Gelecek göçmenleri tarihimize uygun bir şekilde, baba figürü ile hoşgörü politikası izleyerek karşılamalıyız. İstimalet politikası burada uygun bir yaklaşım olabilir, ancak tek başına yeterli değildir. Çünkü hoşgörü politikası, milliyetçilik akımı karşısında zayıf kalabilir ve kolayca yıkılabilir. Pandemi ile birlikte yeni bir çağın başladığını ve 2025 yılında bu sürecin tam anlamıyla başlayacağını söyleyebiliriz. Yeni çağda milliyetçiliğin daha katı olacağı öngörülmektedir. Ülkeler ölçeğinde ise ulus devletlerin daha da merkezileşeceği bir dönemden bahsedebiliriz. Bu nedenle, göçmenlere gösterilecek hoşgörünün ülkemiz için faydadan çok zarar getireceği açıktır.
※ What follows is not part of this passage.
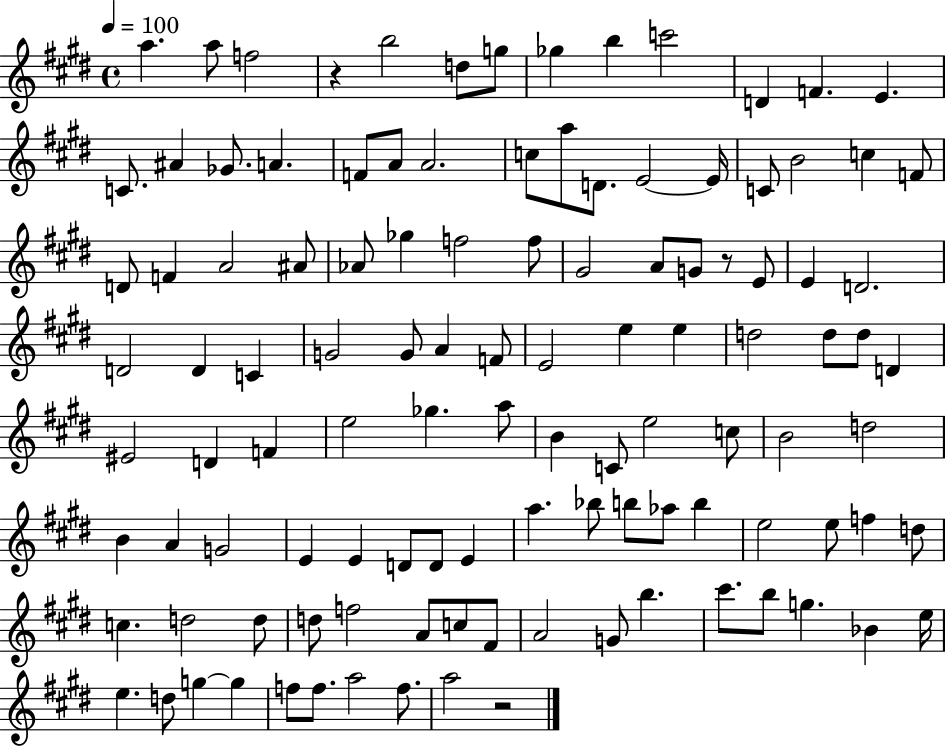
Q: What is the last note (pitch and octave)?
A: A5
Göçmenlerin entegrasyonunu sağlamak için kurumsal çalışmalara ihtiyaç vardır. Bu sebeple, göç konusunda bakanlık düzeyinde bir çalışma yapılmalı ve Göç Bakanlığı ivedilikle kurulmalıdır.
İstimalet politikası, disiplinli, sert ve katı kurallarla çevrelenmelidir. Güçlü bir istimalet politikası oluşturulmalıdır. Evet, göçmenler ülkemize gelebilir. Tarihimizde mazlumlara yardım eden bir devlet olduk ve bu görevden kaçamayız. Ancak gelen kişilerin de buranın kurallarına uyması gerekmektedir; aksi takdirde yaptırımlarla karşılaşmayı göze almalıdırlar.
Anlayış bu şekilde olmalıdır. Bunun yanı sıra, gelen göçmenlerin niteliklerini artırıcı ve ülkemiz için fayda sağlayacak şekilde yetiştirilmesi gerekmektedir. Gelen göçmenler, devletimizin hem yumuşak kalbini hem de sert yumruğunu bilmelidir. Aksi takdirde, göçmenler ülkemizde azınlık durumuna düşecek ve bu durum ileride demografik sorunlara yol açacaktır.
Bu zamana kadar yaşananlar, gelecekteki olası sorunların bir ön gösterimidir. Eğer bu politikaları geliştiremezsek, Osmanlı İmparatorluğu’nun sonunu yaşarız. Milliyetçilik dünyada hala çok baskın bir olgudur. Göçmenler, bilinçli politikalarla rehabilite edilmediği sürece gittikleri ülkelerde sorun çıkarmaya devam edeceklerdir. Örneğin, 27 Kasım 2022’de yaşanan olay, bu durumu doğrulayan bir örnektir.
Katar’daki 2022 FIFA Dünya Kupası F Grubu ikinci maçında Fas’ın Belçika’yı 2-0 yenmesinin ardından Belçika’nın başkenti Brüksel’de sokaklar karıştı. Fas taraftarı oldukları düşünülen bir grup, tarihi Grand Place yakınlarında yoldan geçen bazı araçlara saldırdı. Bir aracı ters çeviren grup, etraftaki bankları sökerek elektrikli scooterları ateşe verdi. Olaylar sırasında, polise havai fişekle saldırılması sonucu bir gazeteci yaralandı.
Bu ve benzeri olayların yaşanmaması için ivedilikle Göç Bakanlığı öncülüğünde politikalar oluşturmalıyız. Geçmişte yaşananlardan ders alarak, bu konudaki deneyimlerimizi birleştirip etkili bir göç politikası geliştirmeliyiz. Bu politika, sadece gelen göçmenler için değil, aynı zamanda ülkemizden giden vatandaşlarımızın anayurtlarına dönmelerini sağlayacak “Tersine Göç Politikaları”nı da içermelidir.